El creador de Macondo, centro neurálgico de Cien años de soledad, quizá su obra más laureada, fue homenajeado en el 2007, con motivo de su 80 cumpleaños y de los 40 años de la novela, por la Real Academia Española (RAE), que publicó una edición conmemorativa del libro que incluye una semblanza realizada por Álvaro Mutis y una introducción de Carlos Fuentes, amigos bien apreciados por el escritor, a los que acompañó en Asturias cuando recogieron en los años 1997 y 1994, respectivamente, el premio Príncipe de Asturias de las Letras en el teatro Campoamor de Oviedo. Un análisis de Mario Vargas Llosa y dos estudios de Víctor García de la Concha, entonces director de la RAE, y del escritor Claudio Guillén, completan la introducción.

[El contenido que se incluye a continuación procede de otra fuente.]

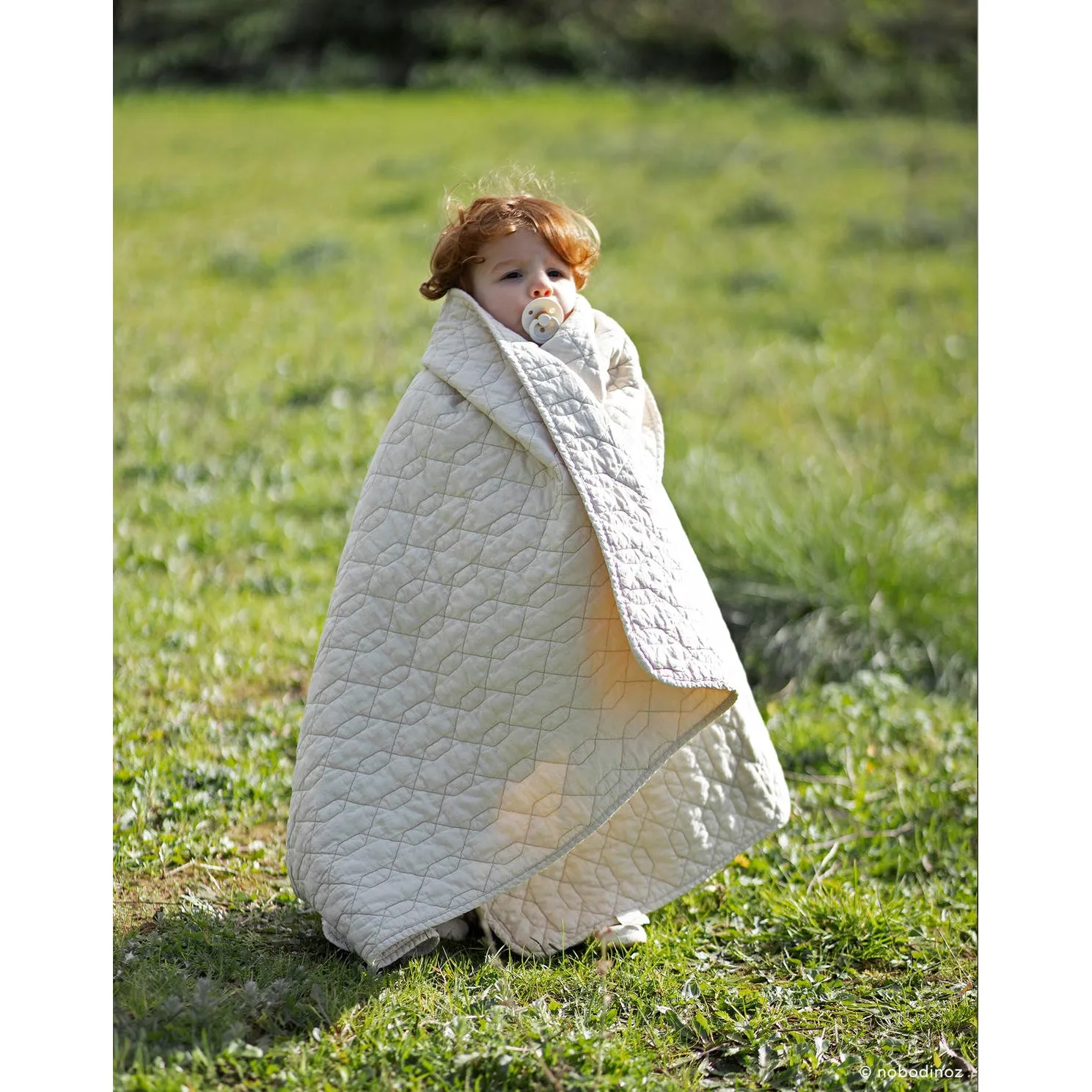 nobodinoz Wabi Sabi Quilted Blanket Ginger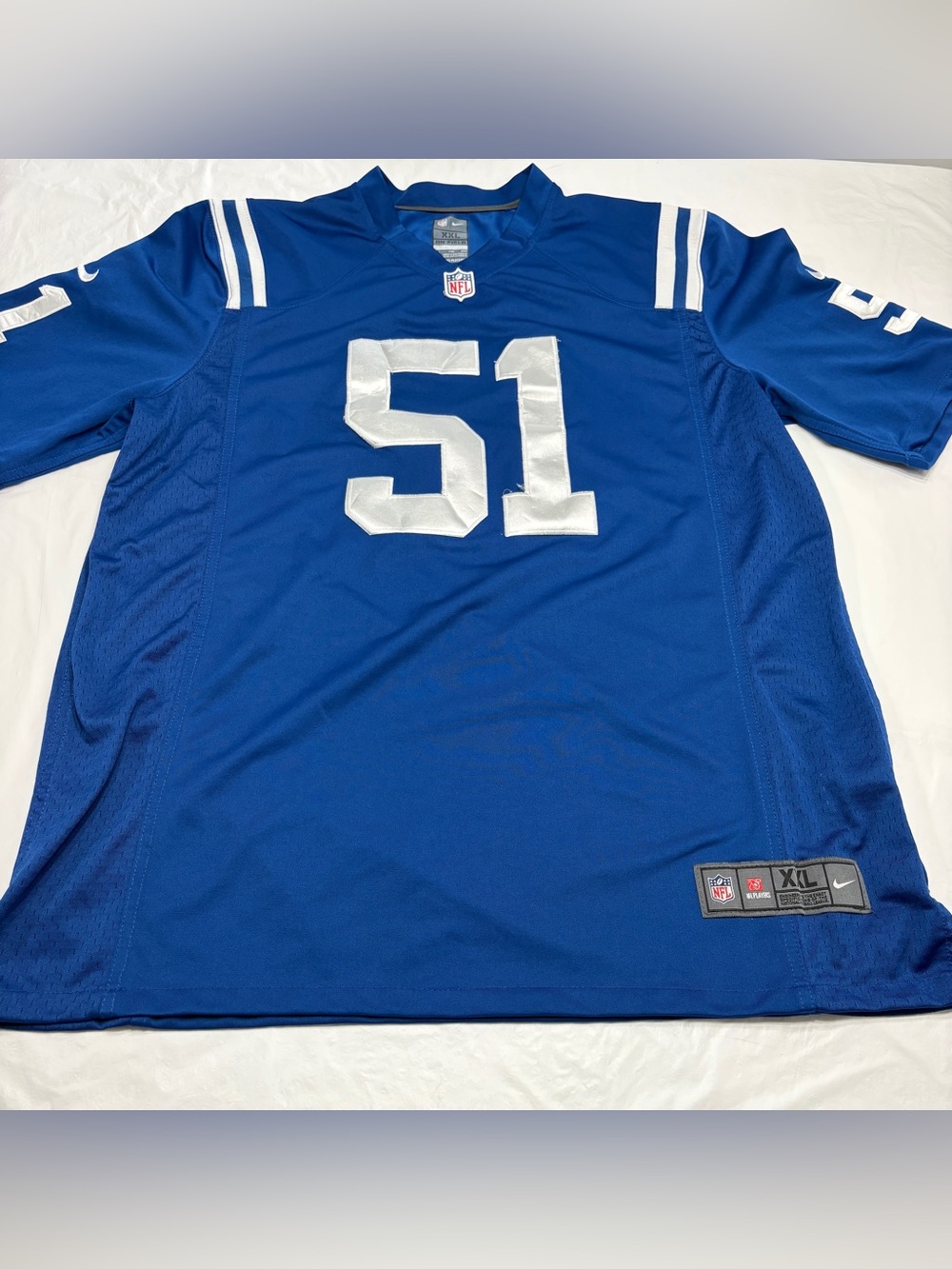 Pat Angerer #51 Indianapolis Colts Nike On Field Jersey Mens XXL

Muestra de la entrañable amistad que le unía con Mutis son las palabras con que éste describe a aquel joven colombiano, poseedor "de un sentido común infalible que en nada concordaba con sus 20 años?". De Gabo destaca "una devoción sin límites por las letras, desorbitada, febril, insistente, insomne entrega a las secretas maravillas de la palabra escrita". Mutis sentía veneración por el escritor que había hecho de la saga de los Buendía una historia que a lo largo de cuatro décadas millones de lectores consagraron como obra universal. Pero al reconocimiento literario unía la admiración personal que sentía por alguien al que atribuía "una indulgencia inteligente para todos sus semejantes y un sentido de vigilante servicio en la amistad". Mutis consideraba que la obra más acabada y perfecta de García Márquez es El coronel no tiene quien le escriba y decía a propósito de Cien años de soledad que no podía leerla "sin cierto sordo pánico". "Toca vetas muy profundas de nuestro inconsciente colectivo americano", señalaba, para añadir que sobre la novela aún no se había dicho "toda la deslumbrada materia que esconde".

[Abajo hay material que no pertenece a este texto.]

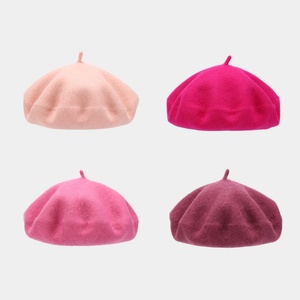 Elegante boina de lana estilo japonés vintage para mujer, versión coreana, boina gruesa multicolor natural para invierno - Product Image 2
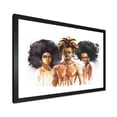 thumbnail image 2 of Designart 'Afro American Fashion Portraits' Glam Framed Art Print, 2 of 4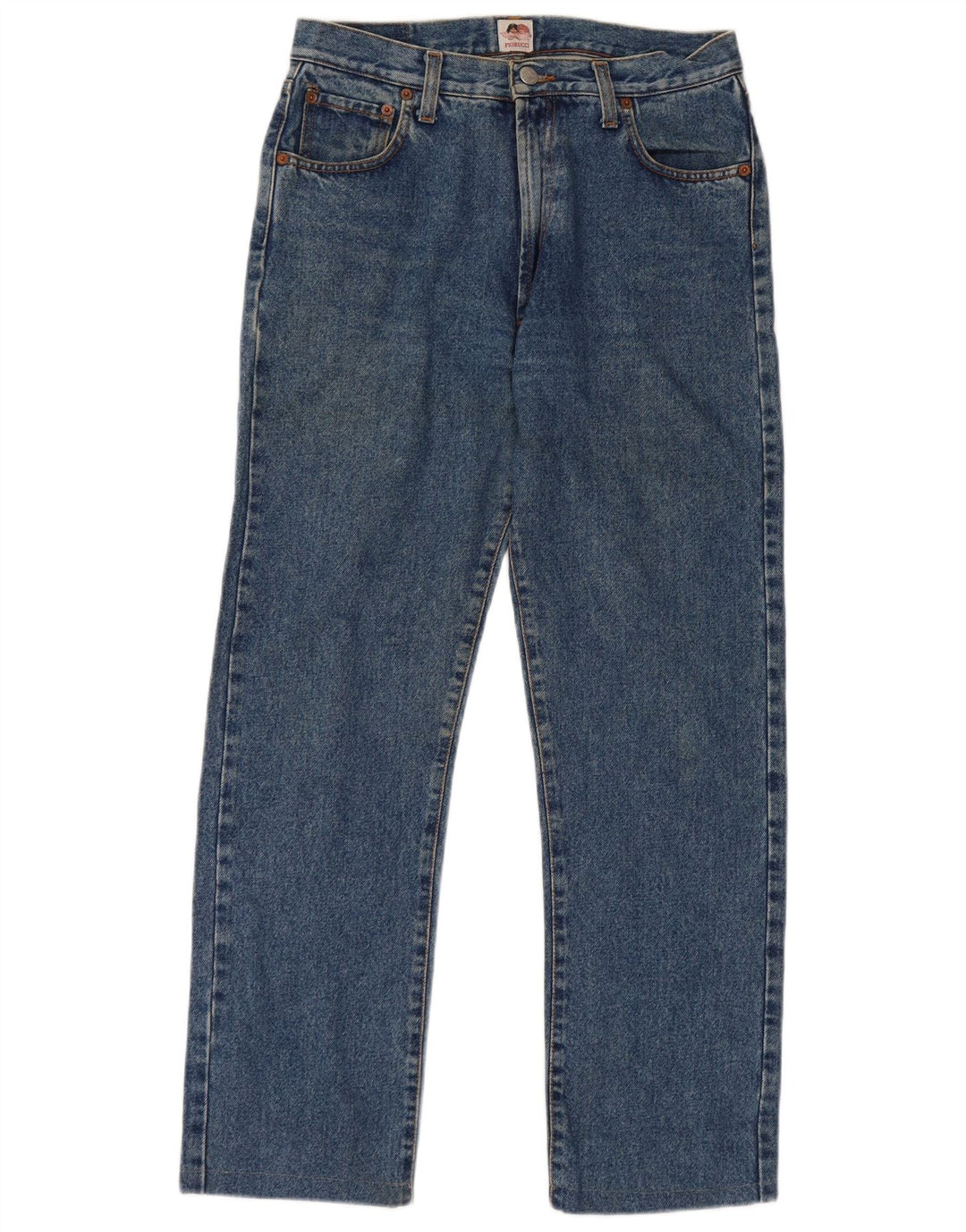 FIORUCCI Jeans dritti da donna W31 L28 Blu cotone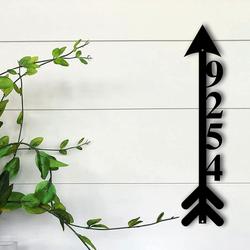 Personalized Arrow Address Sign, Address Plaque, Custom Street Address Sign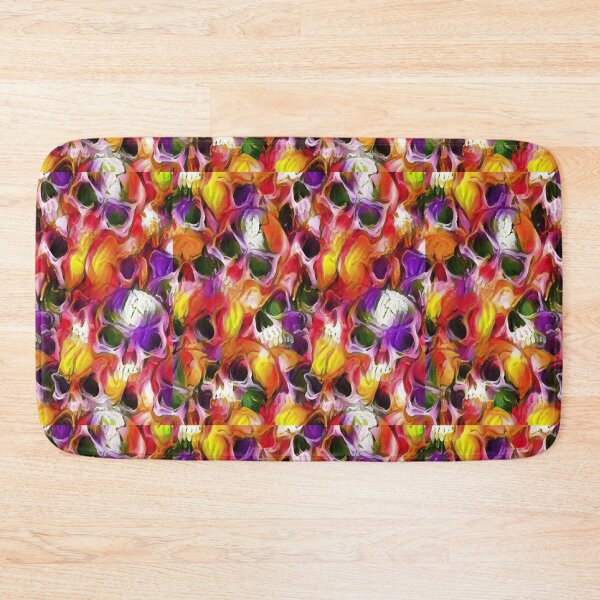 Item preview, Colorful skulls piles designed and sold by rhino715.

Carlos Fuente era otro de los imprescindibles de Gabo. Se habían conocido en el año 1962 en México, y forjaron una amistad que nació "con la instantaneidad de lo eterno". El escritor mexicano recoge vivencias, recuerdos y miedos. Como cuando cuenta que García Márquez le escribía para decirle que le asaltaba el pánico de no haber dicho nada a lo largo de quinientas páginas. También describe aquí el entusiasmo que le produjo leer Cien años de soledad, dicha que quiso compartir por carta con Julio Cortázar a quien escribió diciendo: "Acabo de leer cien años de soledad: una crónica exaltante y triste, una prosa sin desmayo, una imaginación liberadora".

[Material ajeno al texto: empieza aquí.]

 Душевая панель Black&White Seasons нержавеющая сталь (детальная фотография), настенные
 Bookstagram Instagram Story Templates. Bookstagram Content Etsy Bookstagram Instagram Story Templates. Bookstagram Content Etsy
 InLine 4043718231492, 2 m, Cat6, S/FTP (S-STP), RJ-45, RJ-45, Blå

La relación del Nobel con Mario Vargas Llosa pasó por diferentes episodios pero el peruano siempre reconoció la monumental obra del colombiano. Sobre todo cuando se refería al libro que relata la historia de los Buendía y de Macondo, relato que describía como "una novela total en la línea de esas creaciones demencialmente ambiciosas que compiten con la realidad de igual a igual". En su análisis, Vargas Llosa recorre todos los planos del libro para subrayar que "es la historia completa de un mundo desde su origen hasta su desaparición". Lo real y lo imaginario, lo mágico, la historia familiar y la historia individual, todo le da juego al autor de La tía Julia y el escribidor para sacar lo mejor de la fuerza creativa de Gabo.

Víctor García de la Concha dedica su texto a la búsqueda de la verdad poética de García Márquez y relata que aquel viaje del escritor a Aracataca con su madre que éste narra en Vivir para contarla fue definitivo para convertirse en el gran narrador que fue. En aquella casa de Aratacaca en la que había nacido "estaba ya el mundo de Macondo", sin embargo escribió cuatro libros antes de que "la luz de aquel pueblo polvoriento" le inspirara para contar la gran historia de su vida.

El escritor Claudio Guillén confiesa en su texto haber sentido al leer Cien años de soledad el mismo asombro que sintieron los habitantes de Macondo al contemplar una llovizna de flores amarillas.